> _WORK INSTRUCTIONS_
In the material below, pictures must be dropped. Repeat exactly, and only, the lines from the line with "2-Bromo-4,5,6,7-tetrahydropyrazolo[1,5-a]pyrimidine" to the line with "Ziemniaki zachodniopomorskie Barnim", both ends included.

> _RECORDS PROVIDED_
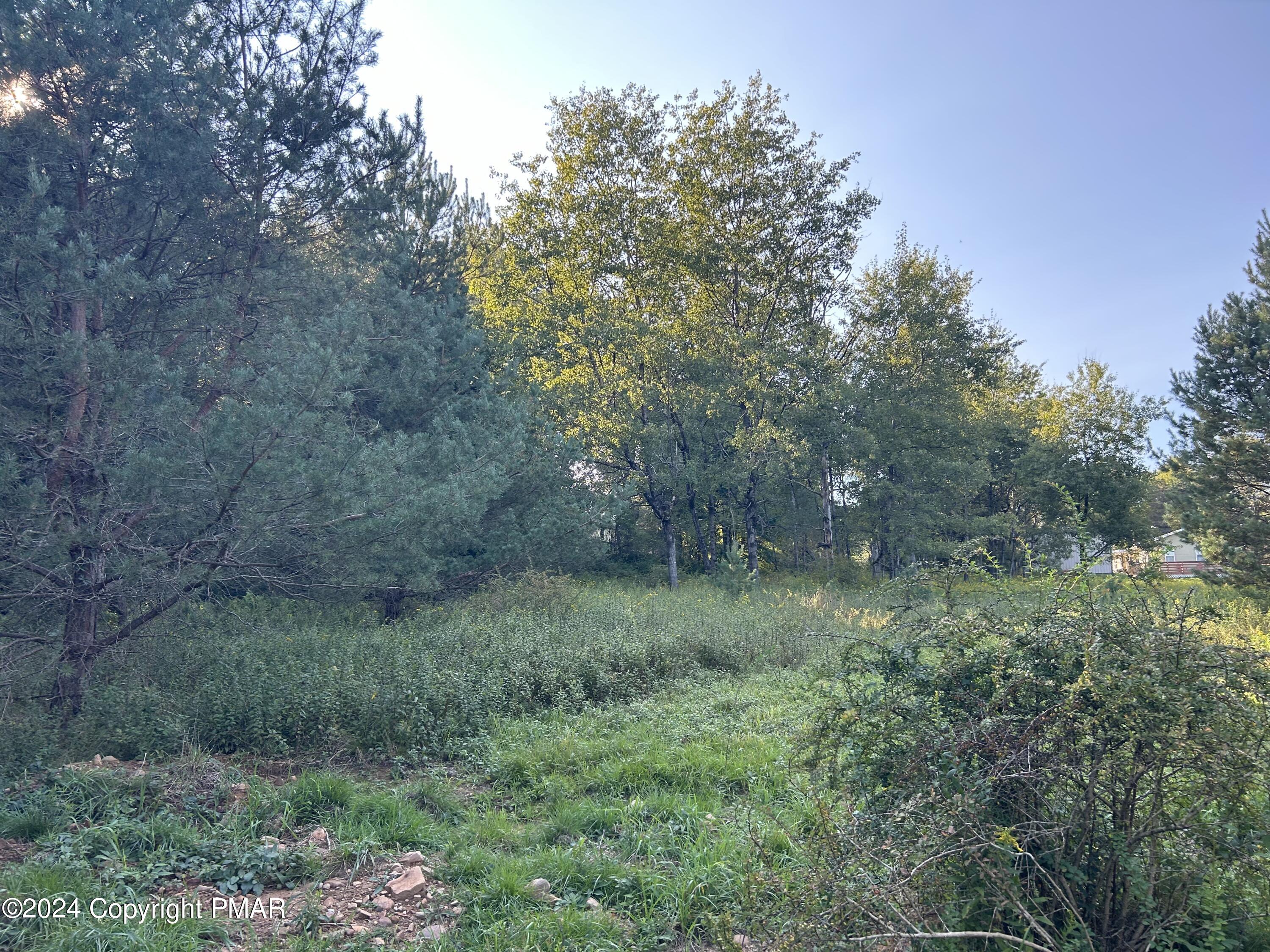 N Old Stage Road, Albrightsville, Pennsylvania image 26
--
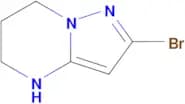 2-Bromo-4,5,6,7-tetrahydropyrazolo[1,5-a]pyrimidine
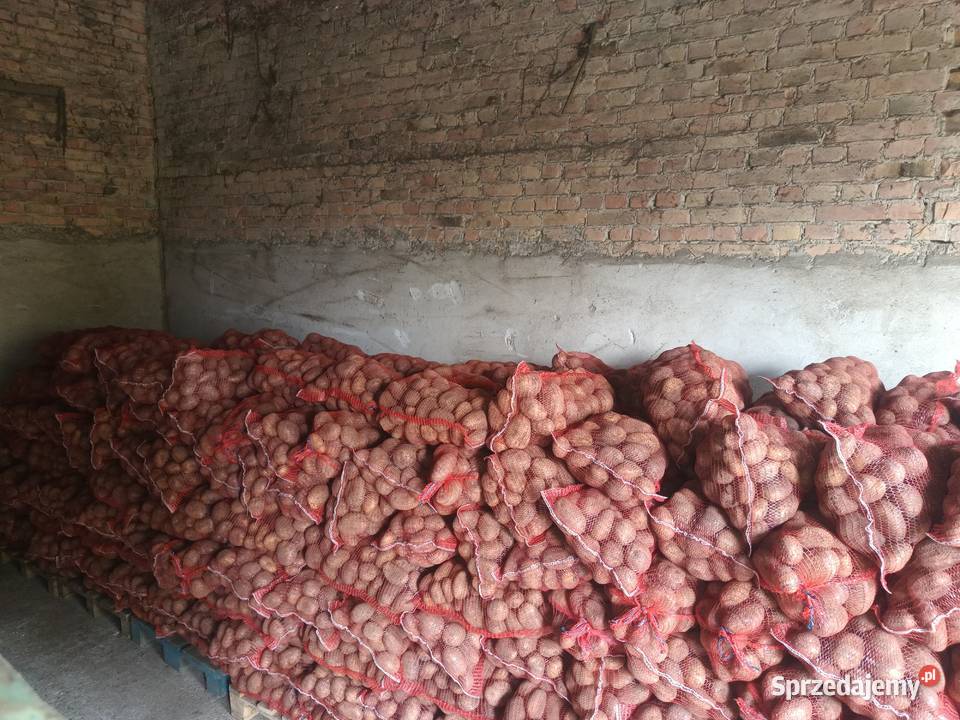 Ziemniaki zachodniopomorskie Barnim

> _RESPONSE TO THE EXERCISE_
 2-Bromo-4,5,6,7-tetrahydropyrazolo[1,5-a]pyrimidine
 Ziemniaki zachodniopomorskie Barnim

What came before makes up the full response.